The Shair’s Last Sigh

Urdu publishing stares at a bleak present—of poor quality paper, printing, binding, packaging and no marketing. But most of all, it craves for readers.

Dar (2020) Clay, cement & wood by Syed Ali Sarvat Jafri

A language flourishes when it has a growing number of readers and writers engaging with its literature. The count of people who can read and write in Urdu in its rasmul khat, the Perso-Arabic script called nastaliq (written from right to left), however, has been diminishing constantly. “It’s a serious problem.
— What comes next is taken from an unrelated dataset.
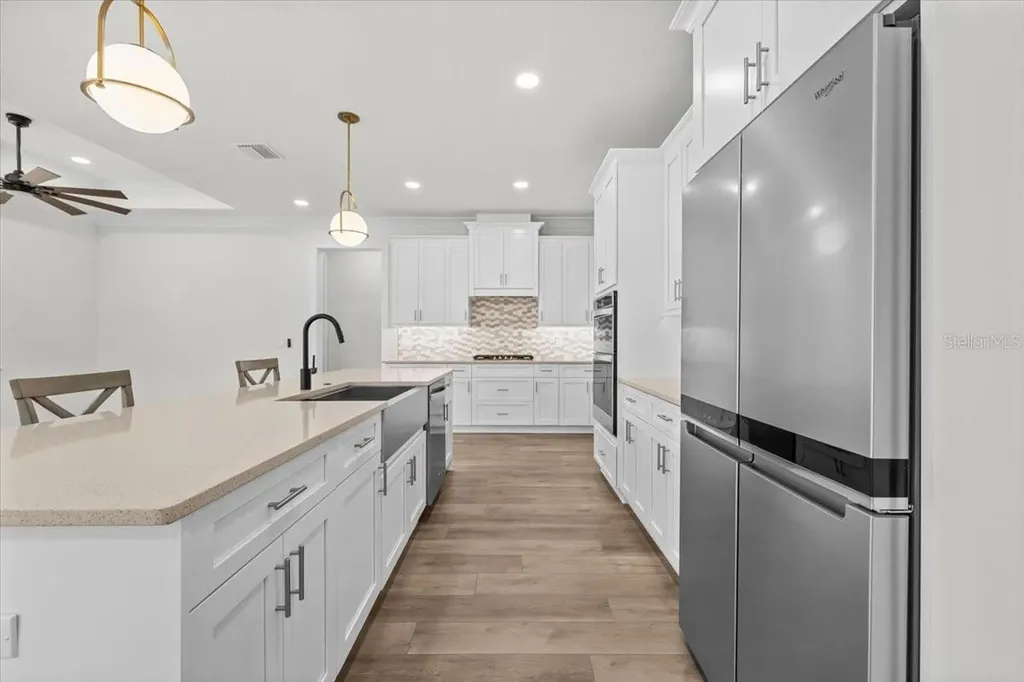 201 Larocca Court Palm Harbor FL 34683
For that’s how languages die: by losing its script,” says Hindi novelist and former Jamia Millia University professor Abdul Bismillah, who is also well-versed in Urdu. Bismillah is not unduly alarmed by the rapid ‘Hindisation’ of Urdu, which has seen too many Urdu writers raring to get their works published in Devanagari script through Hindi publishers. He is merely expressing a concern shared by many Urdu-wallahs. Writers choosing Hindi publishers fear that with little readership for Urdu books, their efforts to create an identity for themselves through their language and script will be a non-starter, as whatever they write will be lost in a moribund script few can read.

“Urdu is a nation unto itself… Wherever Urdu goes, it clasps people in a bear hug. It becomes a tradition unto itself. For Urdu is, after all, the lingua franca of a culture,” wrote Gulzar in the foreword to The Taste of Words: An Introduction to Urdu Poetry, edited and translated by Raza Mir (Penguin Books, 2014), which brought together a selection of around 150 poems from 50-odd poets­—­from the canon as well as the contemporary lan­dscape of Urdu poetry. It’s hard not to see Gulzar’s description of Urdu as a language laced with poe­tic flourishes. While Urdu may continue to charm people everywhere, the fact remains that those who can read it are few and far between.